» Task instructions
Nothing but the lines from the one containing "We wouldn't want" through the last line of the data below should be returned, each exactly as it stands, pictures excluded.

» Recorded data
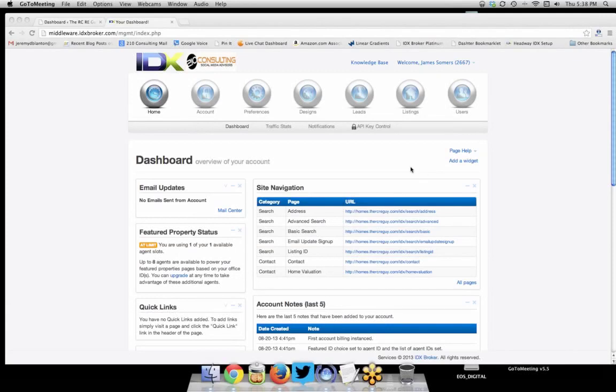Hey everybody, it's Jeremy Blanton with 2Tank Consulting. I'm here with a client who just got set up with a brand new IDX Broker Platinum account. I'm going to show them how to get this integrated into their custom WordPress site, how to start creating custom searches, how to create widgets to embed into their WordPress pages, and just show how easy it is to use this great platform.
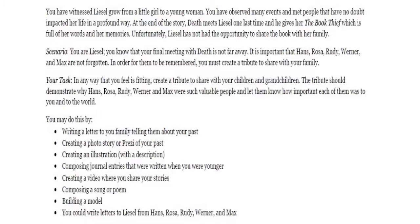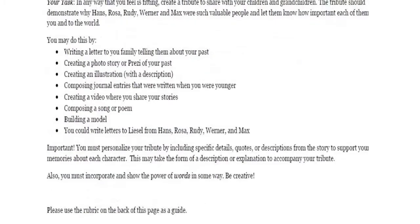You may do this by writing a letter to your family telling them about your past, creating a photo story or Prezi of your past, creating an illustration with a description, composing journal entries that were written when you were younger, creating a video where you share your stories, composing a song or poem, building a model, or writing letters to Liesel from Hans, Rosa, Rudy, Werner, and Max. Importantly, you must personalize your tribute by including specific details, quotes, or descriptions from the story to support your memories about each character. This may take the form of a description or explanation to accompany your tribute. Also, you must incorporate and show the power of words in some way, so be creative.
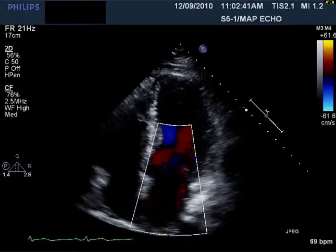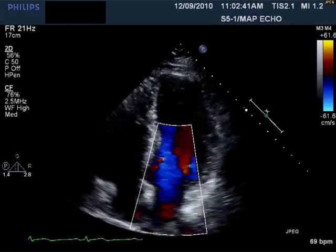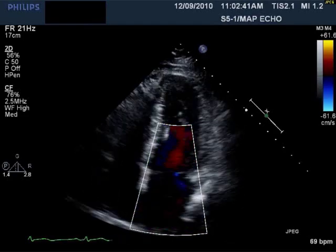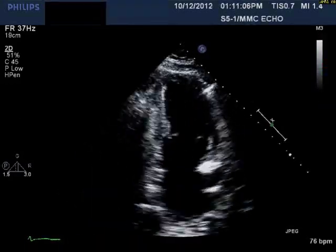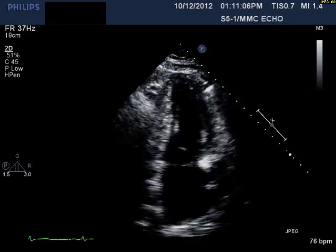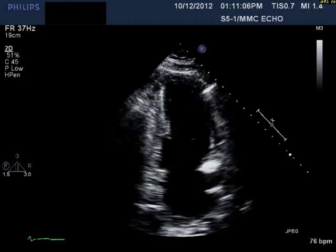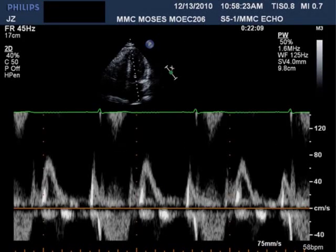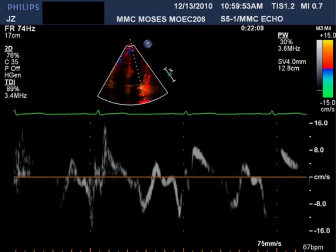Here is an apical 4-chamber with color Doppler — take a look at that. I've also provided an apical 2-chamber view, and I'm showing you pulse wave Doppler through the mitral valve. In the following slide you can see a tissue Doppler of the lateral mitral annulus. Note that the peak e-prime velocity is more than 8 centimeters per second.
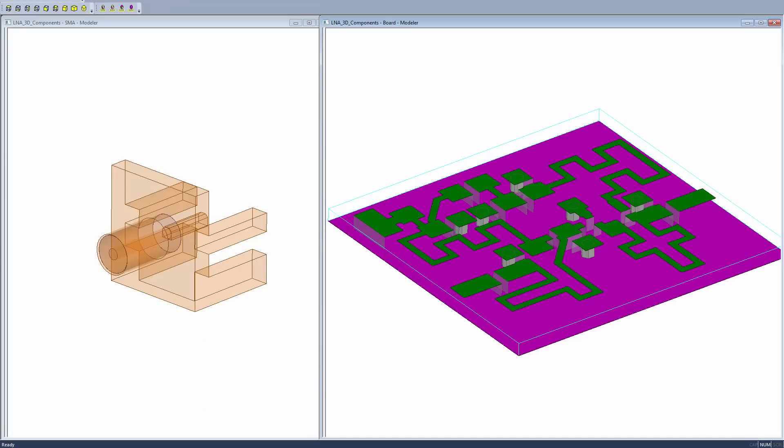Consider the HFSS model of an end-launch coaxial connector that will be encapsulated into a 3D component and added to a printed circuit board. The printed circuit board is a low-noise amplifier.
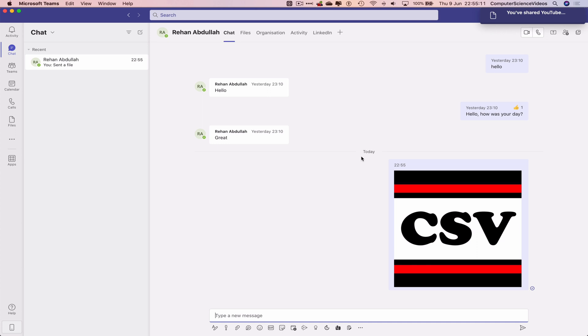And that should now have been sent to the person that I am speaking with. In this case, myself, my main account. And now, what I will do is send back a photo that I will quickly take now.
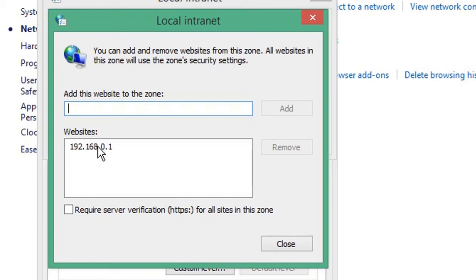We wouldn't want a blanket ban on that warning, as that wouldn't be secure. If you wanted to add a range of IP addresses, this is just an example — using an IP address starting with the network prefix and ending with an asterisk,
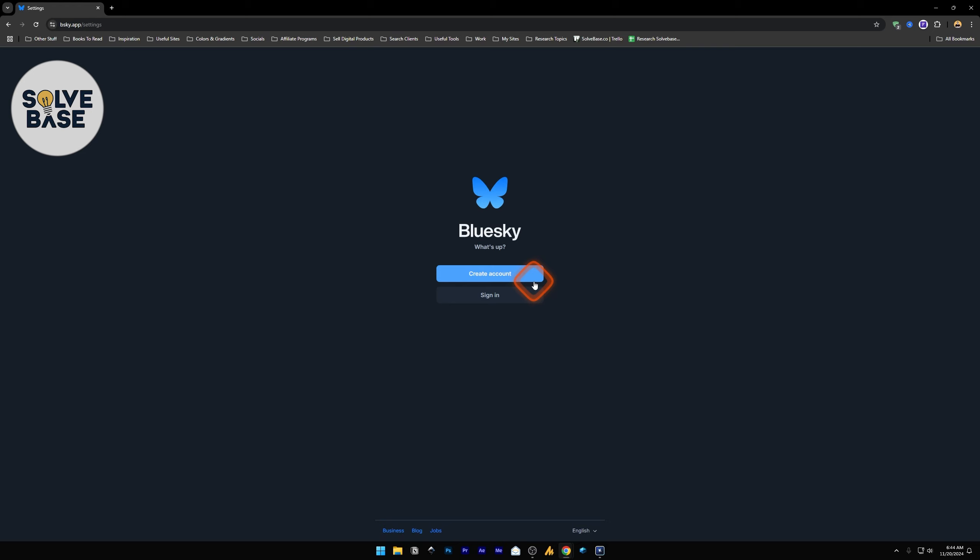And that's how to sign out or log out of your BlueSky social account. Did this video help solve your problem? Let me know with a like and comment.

» Task output
We wouldn't want a blanket ban on that warning, as that wouldn't be secure. If you wanted to add a range of IP addresses, this is just an example — using an IP address starting with the network prefix and ending with an asterisk,
And that's how to sign out or log out of your BlueSky social account. Did this video help solve your problem? Let me know with a like and comment.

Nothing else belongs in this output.